In the meantime, Microsoft's MSN apps took on a more content-related focus, as did the web portal itself. Previous versions of MSN apps that were bundled with Windows Mobile and early versions of Windows Phone, as well as MSN apps for Android and iOS devices in the early 2010s, were primarily repositories for news articles found on MSN.com. Other earlier MSN mobile apps included versions of MSN Weather and MSN Money for Windows Mobile 6.5, and 'MSN Money Stocks' and a men's magazine called 'MSN OnIt' for Windows Phone 7.
Health & Fitness
Health & Fitness allowed users to track their intake of calories, look up nutritional information for hundreds of thousands of different foods, use a built-in GPS tracker, view step-by-step workouts and exercises with images and videos, check symptoms for various health conditions, and synchronize their health data to third-party devices such as activity trackers. MSN Health & Fitness formerly connected data with the Microsoft HealthVault, but it started using a Microsoft account with MSN's own cloud service to synchronize data when it was rebranded from Bing to MSN. The app is not related in any way to Microsoft's Xbox Fitness or Microsoft Health (the companion app for the Microsoft Band), despite being similar in function.
Food & Drink
Food & Drink was a recipe app that offers news related to food and drink, a personal shopping list that synchronizes across devices and the web, and a wine encyclopedia that contains information on over 1.5 million bottles of wine, over 3.3 million tasting notes, and hundreds of cocktail recipes.

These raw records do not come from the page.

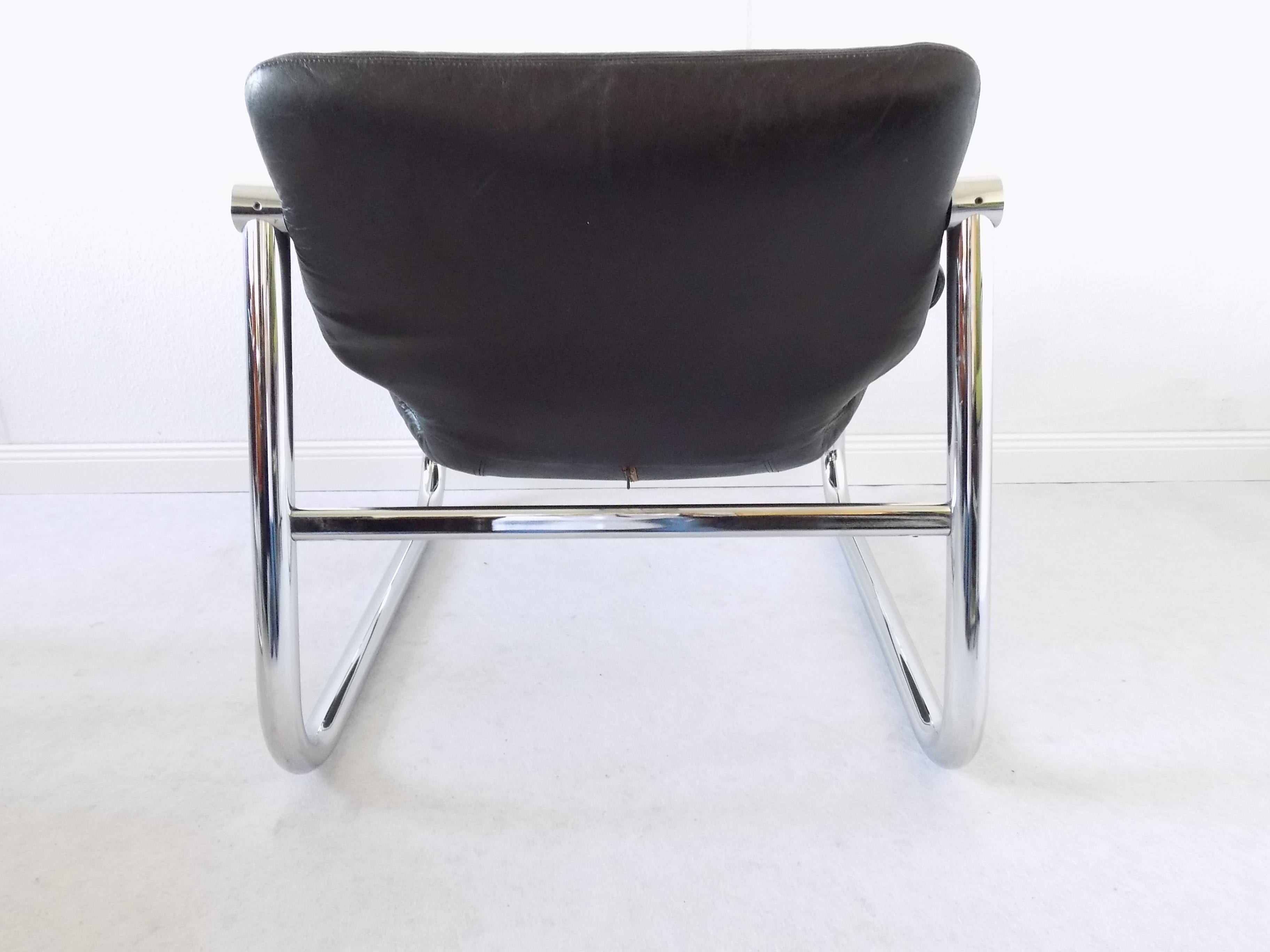 Alpha Sling Leather Chairs by Maurice Burke for Pozza, Mid-Century Modern, Black 12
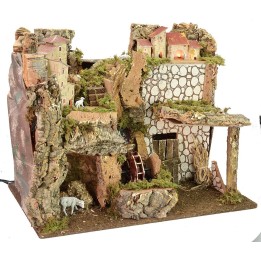 Illuminated nativity scene set with water mill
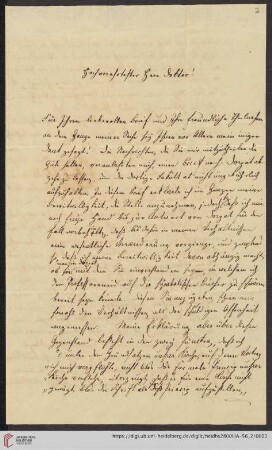 Korrespondenz Isaak Dorner / Carl Ullmann: Brief von Isaak August Dorner an Carl Ullmann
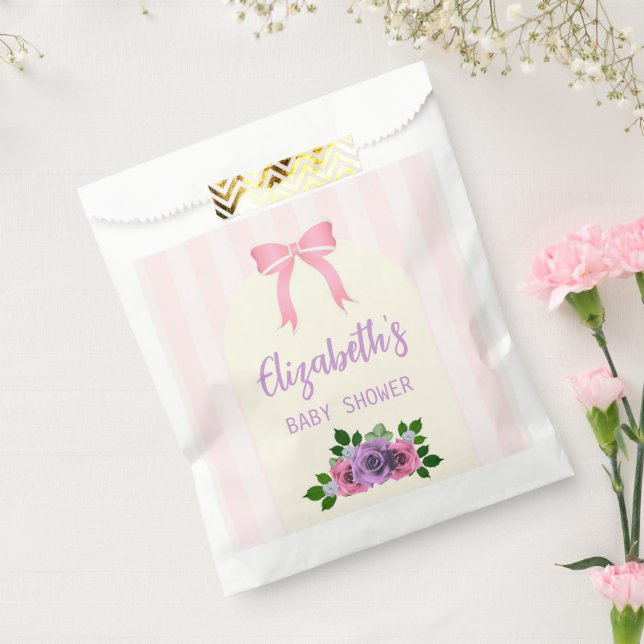 Garden Roses Pink Baby Shower Favor Bag (Sealed)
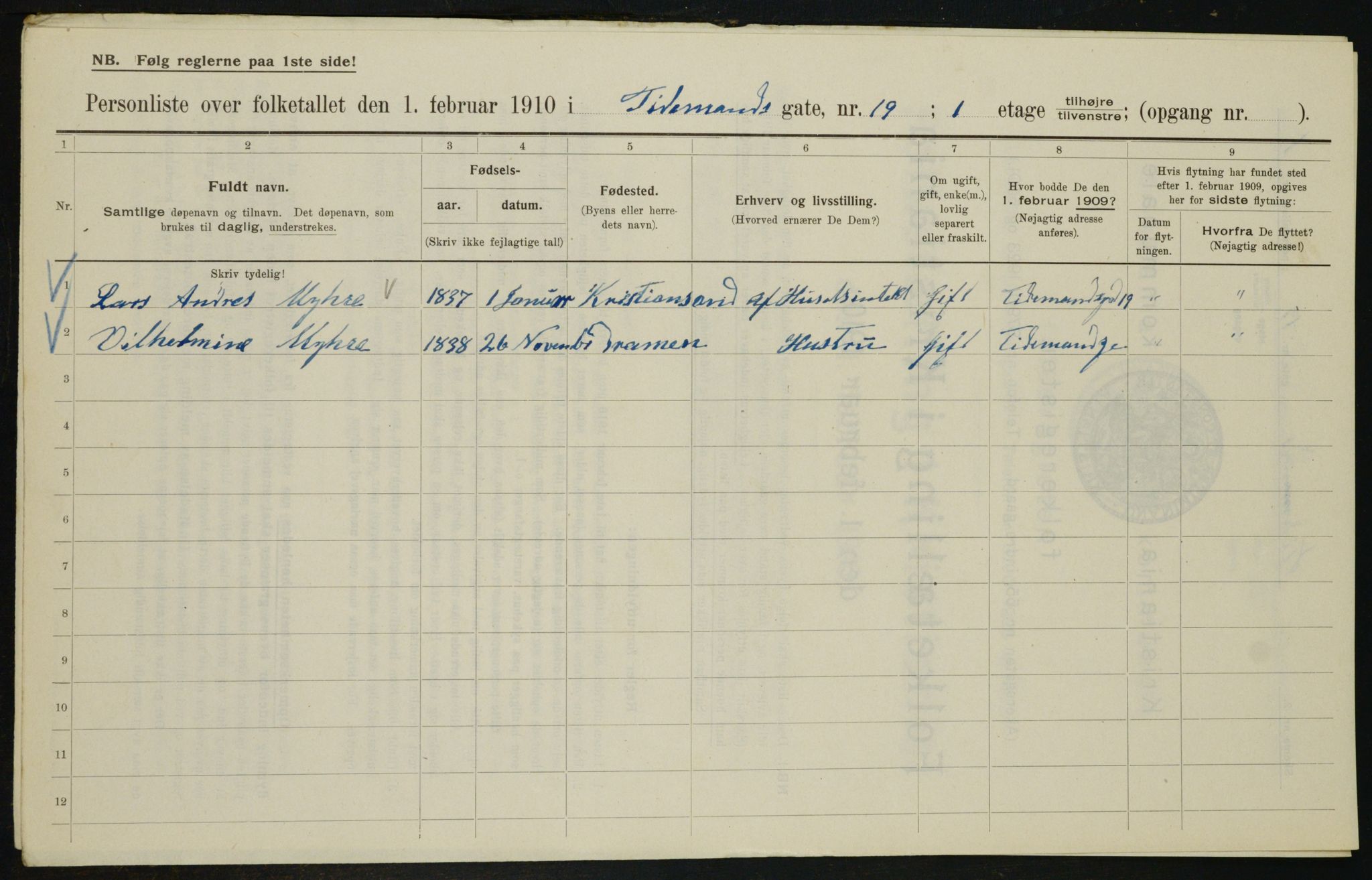 OBA, Municipal Census 1910 for Kristiania, 1910, p. 105737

Users can control the app hands-free, add their own recipes from physical cookbooks or personal recipes by snapping a photo, add notes to recipes, and sort the recipes into collections. The app also collects information from famous chefs and lists them according to their style of cuisine.
Travel
Travel was a travel search engine that allows users to book hotels and flights, aggregates travel-related headlines, and offers detailed information about thousands of travel destinations. Data in the app is powered by various travel websites, including Expedia, formerly owned by Microsoft. Other features include finding information on local restaurants, viewing pictures (including panoramas) and historical data about destinations, and reading reviews by previous travelers. If the user is signed in, Cortana can track flights and get hotel information through the app. MSN Travel was the only app in the suite that was exclusive to Windows. The app was discontinued in September 2015 but can still be accessed via the web.